Exercise data |

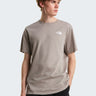 THE NORTH FACE-T-shirt Girocollo con Logo Posteriore Grigio-TRYME Shop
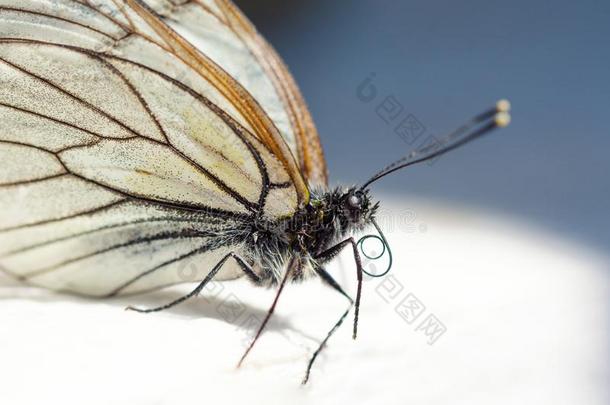 美丽的白色的蝴蝶宏指令波特雷特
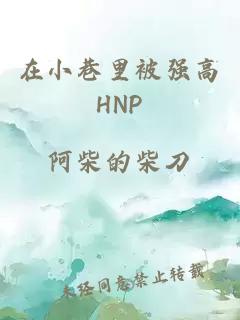 在小巷里被强高HNP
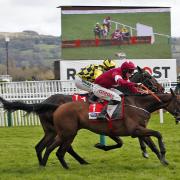 Shiskin (yellow/black) won the opener at Cheltenham Festival  Pictures by Sue Orpwood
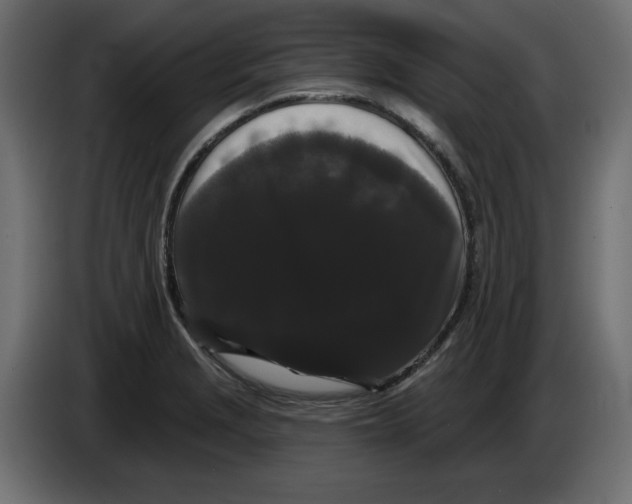 X0000084581229200703231836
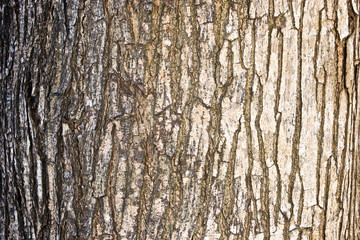 Naklejka premium big tree bark texture background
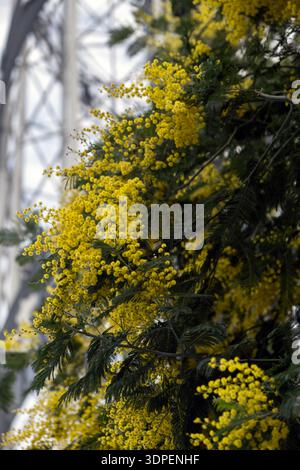 Blühender Mimosa-Baum mit hellgelben Blüten im Frühjahr Stockfoto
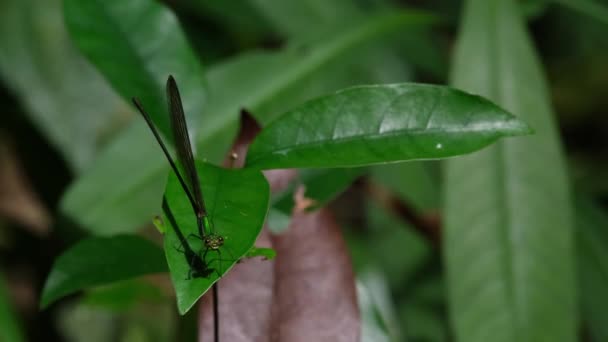 카메라를 호기심어린 시선으로 바라보면서 나뭇잎 Vestalis Gracilis Khao Yai National — 비디오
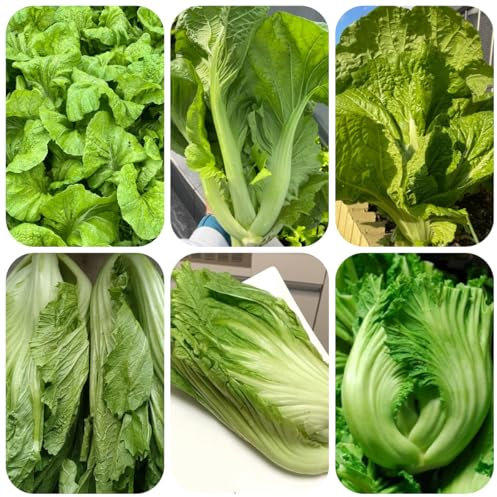 semillas de mostaza mostaza orgánica semillas de hierbas de jardín plantas exóticas resistentes plantas resistentes en macetas semillas de plantas de interior exóticas plantas de 300pcs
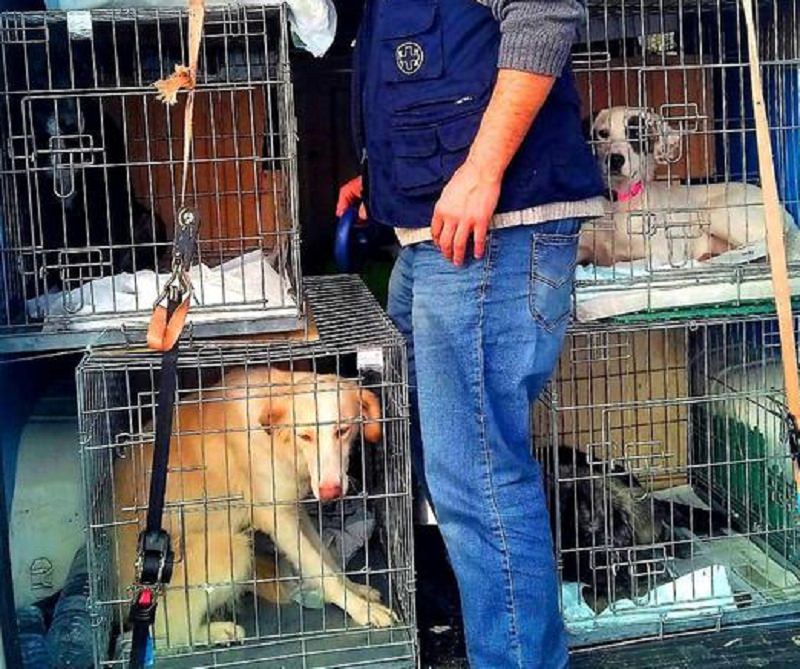 Un gatto e 20 cani dentro a un camion verso il Nord: 8 denunciati tra Catania e Palermo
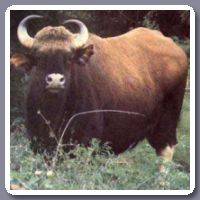 Gaur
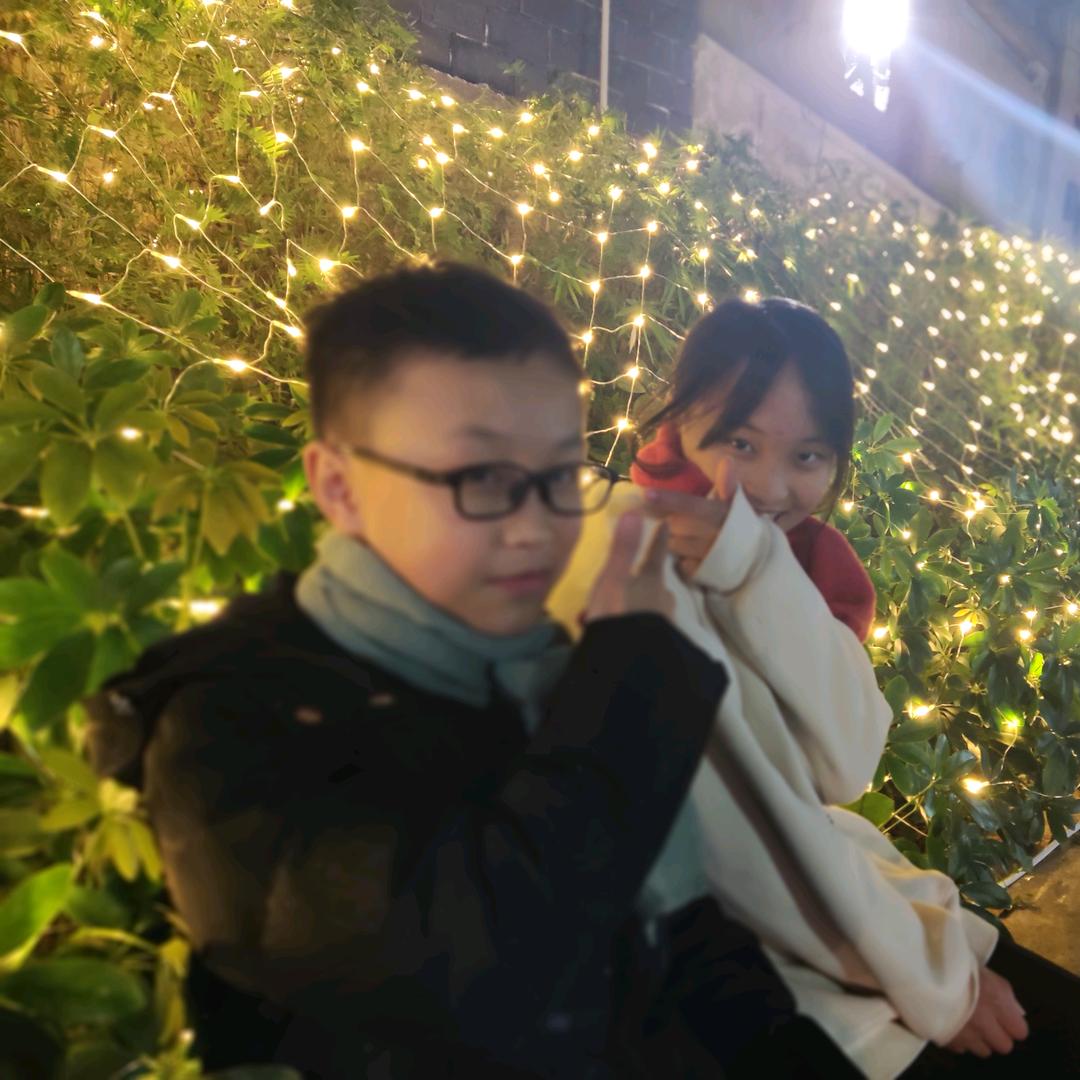 飞翔图文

What you need to do |
Output exactly, and with no pictures, the lines from the line that holds "Blühender Mimosa-Baum mit" through the last line of the listing above.

Answer to the problem |
 Blühender Mimosa-Baum mit hellgelben Blüten im Frühjahr Stockfoto
 카메라를 호기심어린 시선으로 바라보면서 나뭇잎 Vestalis Gracilis Khao Yai National — 비디오
 semillas de mostaza mostaza orgánica semillas de hierbas de jardín plantas exóticas resistentes plantas resistentes en macetas semillas de plantas de interior exóticas plantas de 300pcs
 Un gatto e 20 cani dentro a un camion verso il Nord: 8 denunciati tra Catania e Palermo
 Gaur
 飞翔图文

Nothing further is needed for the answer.